To understand why the Beta Band have captured the imagination of the British music press and the hardcore geeks who read them, picture the obsessive record store clerks inHigh Fidelity , Nick Hornby's seminal literary ode to music geekdom. Listen to the Beta Band's full-length, self-titled debut album and it's easy to envision the clerks making a list of their top five comparisons. Take your pick: Fairport Convention remixed by King Tubby; the Vaselines meet Stereolab; Beck and RZA jamming on Krautrock; Negativland splicing up old Spike Jones records; the Ween boys turned to men.
While their music conjures images of these collaborations, it's also unassuming enough to sound like it could have been created by that eccentric musician down the street from you. It's inventive enough that some trainspotters will think it's genius, but its homespun simplicity suggests that these people should get outside and meet their neighbours.
The Beta Band emerged on the British scene in the fall of 1997 with a trilogy of vinyl-only EPs, packaged and re-released as the single CD, The Three EPs , in January of this year. The EPs established the core of their sound: trippy, droney space folk, with a tendency to overstay their welcome past the six minute mark. The highlight, however, was the 15-minute tape collage "Monolith," which displayed the depth of the band's vision.
On their new album, that ambition is married to their pop tendencies, as heard on "The Hard One." That one song features a distant piano sounding like it was recorded in the middle of the woods, subsonic dub bass, wind chimes forchrissakes, a deconstructive bridge of tape splicing, haunting vocals that sound like Nick Drake on valium, and an inverse interpolation of the pomp-rock classic "Total Eclipse of the Heart" ("Once upon a time I was falling apart / Now I'm only falling in love").
Both the EPs and the album are a glorious mess, infuriating for their daring experimentation that fails almost as often as it succeeds. But because they're so shameless about laying all their creative cards on the table, they get an "A" for ambition and full marks for being a deconstructivist pop band several worlds away from a mainstream map. The listener is confronted immediately by the lead-off track, a gonzo trilogy titled "The Beta Band Rap," which attempts to recap the short history of the band.
"It's just a stupid joke, really," laughs singer/songwriter/guitarist Steve Mason. "I have no idea how [that song] started. Some things get further down the road of a joke than they probably should, which is basically how this band started. They should have been like one of these things where you wake up in the morning with a hangover and say, 'Man, that was fun, but we should never do that.' But we end up doing it. 'The Beta Band Rap' is a classic example of something that grown men should steer clear of."

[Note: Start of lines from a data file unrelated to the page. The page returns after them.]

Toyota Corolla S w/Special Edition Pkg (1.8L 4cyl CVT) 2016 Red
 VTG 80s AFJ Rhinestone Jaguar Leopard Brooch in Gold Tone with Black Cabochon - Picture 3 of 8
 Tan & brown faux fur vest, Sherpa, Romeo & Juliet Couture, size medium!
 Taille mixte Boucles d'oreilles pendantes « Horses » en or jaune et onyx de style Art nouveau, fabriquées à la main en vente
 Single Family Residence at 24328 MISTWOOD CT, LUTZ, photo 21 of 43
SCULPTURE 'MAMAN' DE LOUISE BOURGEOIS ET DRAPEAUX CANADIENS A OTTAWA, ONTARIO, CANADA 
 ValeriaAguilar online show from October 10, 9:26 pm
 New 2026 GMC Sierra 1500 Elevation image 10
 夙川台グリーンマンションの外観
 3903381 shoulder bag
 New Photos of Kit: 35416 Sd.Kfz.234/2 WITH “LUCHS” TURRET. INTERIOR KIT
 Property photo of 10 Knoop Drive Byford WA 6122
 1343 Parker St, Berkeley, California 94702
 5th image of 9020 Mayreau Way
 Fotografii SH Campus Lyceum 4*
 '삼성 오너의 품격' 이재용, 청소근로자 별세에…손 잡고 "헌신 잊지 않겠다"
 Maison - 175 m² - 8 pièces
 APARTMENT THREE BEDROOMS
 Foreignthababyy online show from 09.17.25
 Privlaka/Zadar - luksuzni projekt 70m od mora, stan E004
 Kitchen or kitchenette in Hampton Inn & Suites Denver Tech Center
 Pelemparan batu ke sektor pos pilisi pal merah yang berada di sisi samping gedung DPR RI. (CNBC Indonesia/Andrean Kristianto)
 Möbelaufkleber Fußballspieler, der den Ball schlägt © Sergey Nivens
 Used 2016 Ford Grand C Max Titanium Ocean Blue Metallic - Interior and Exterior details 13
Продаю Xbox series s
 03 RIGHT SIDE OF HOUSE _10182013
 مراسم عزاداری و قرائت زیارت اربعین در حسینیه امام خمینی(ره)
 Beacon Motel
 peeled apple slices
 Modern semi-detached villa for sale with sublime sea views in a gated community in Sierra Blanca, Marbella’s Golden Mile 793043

This is what makes the Beta Band peculiar - not only do they not live up to the hype built around them, they don't have any desire to. They have a notorious reputation for grunting out monosyllabic answers to journalists who want to shower them with hyperbole. Perhaps because he's not talking to British weeklies NME orMelody Maker , Mason is pleasant, intelligent, disarming and surprisingly forthcoming.
Perhaps because he's a Scot living in London, Mason possesses an active disdain for any assumed role his band plays in the UK's national music scene. "It's a strange attitude over here. I can't understand what it is," Mason muses from his London home. "Because Britain happened to have a couple of good bands in the past, everyone in this country seems to think they have a God-given right to look down on everyone else in the music industry of the world. Whether it's A&R people, journalists, or people in bands, everyone seems to have this arrogance to them. We think of ourselves as a world band who happen to come from this country. There's not much going on in this country that I think is really any good, especially from the white people."
Before you can peg Mason with the same arrogance he feels surrounded by, consider the following exchange he had with a Melody Maker reporter smitten with his music: "Why haven't any of you announced that you're the best rock'n'roll band in the world yet?" suggested the scribe, attempting to goad him into a Gallagherism. Mason turned to her and deadpanned, "Because we're probably the worst rock'n'roll band in the world."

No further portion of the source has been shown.